### Problem description:
The reply should hold only the lines from the one with "Sinharaja Rainforest Private" to the one with "视频号创作者计划，多种变现方", both ends kept, exactly as they appear below, without any pictures.

━━━ Supplied information ━━━

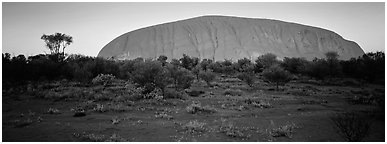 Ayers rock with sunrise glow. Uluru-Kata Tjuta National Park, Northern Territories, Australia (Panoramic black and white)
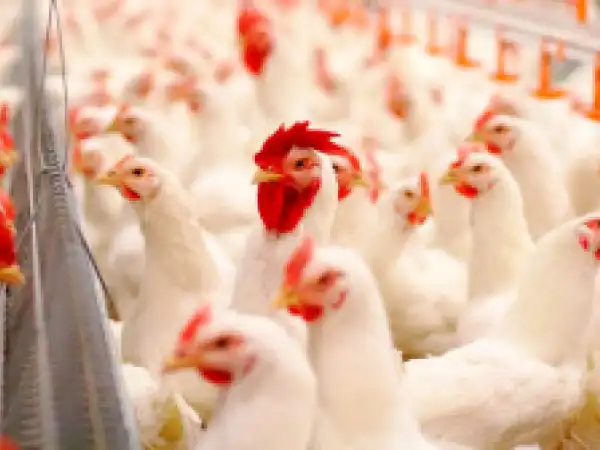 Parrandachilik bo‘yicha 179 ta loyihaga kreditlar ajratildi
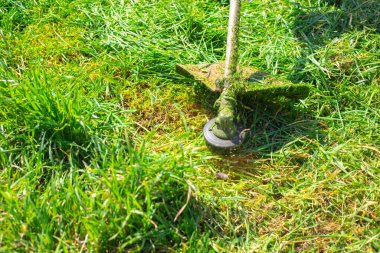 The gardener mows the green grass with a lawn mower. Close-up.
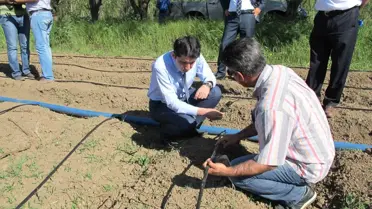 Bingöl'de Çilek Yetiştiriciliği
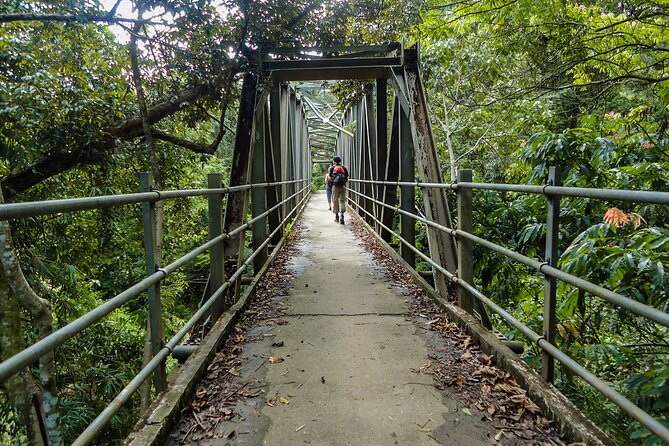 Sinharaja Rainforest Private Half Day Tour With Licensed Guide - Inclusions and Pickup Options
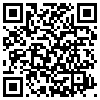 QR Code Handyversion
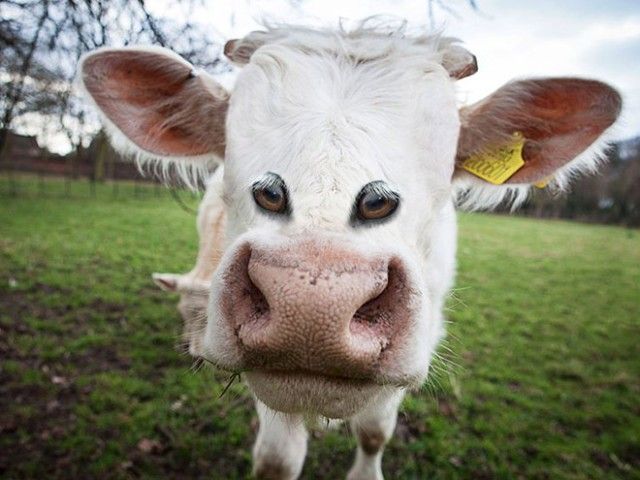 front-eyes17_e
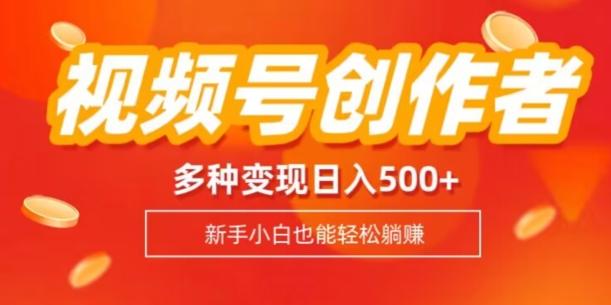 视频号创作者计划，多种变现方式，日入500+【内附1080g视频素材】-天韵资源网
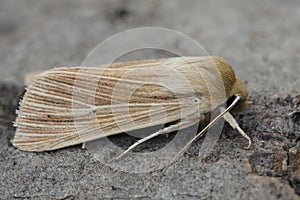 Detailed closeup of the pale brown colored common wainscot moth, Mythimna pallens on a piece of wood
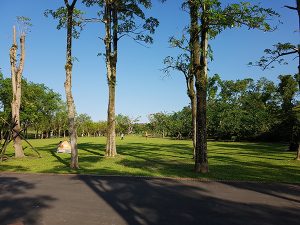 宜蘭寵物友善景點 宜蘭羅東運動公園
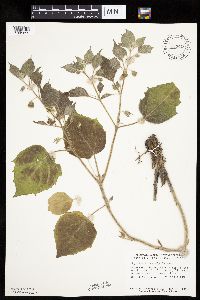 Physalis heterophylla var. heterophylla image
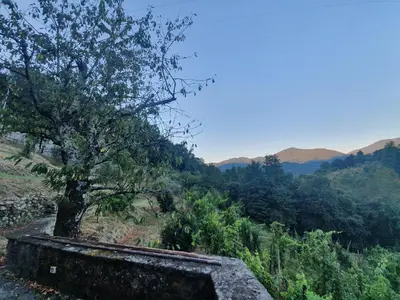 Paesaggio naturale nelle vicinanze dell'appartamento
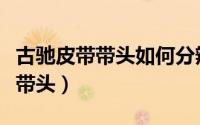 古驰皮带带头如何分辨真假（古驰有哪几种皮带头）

━━━

### Answer below:
 Sinharaja Rainforest Private Half Day Tour With Licensed Guide - Inclusions and Pickup Options
 QR Code Handyversion
 front-eyes17_e
 视频号创作者计划，多种变现方式，日入500+【内附1080g视频素材】-天韵资源网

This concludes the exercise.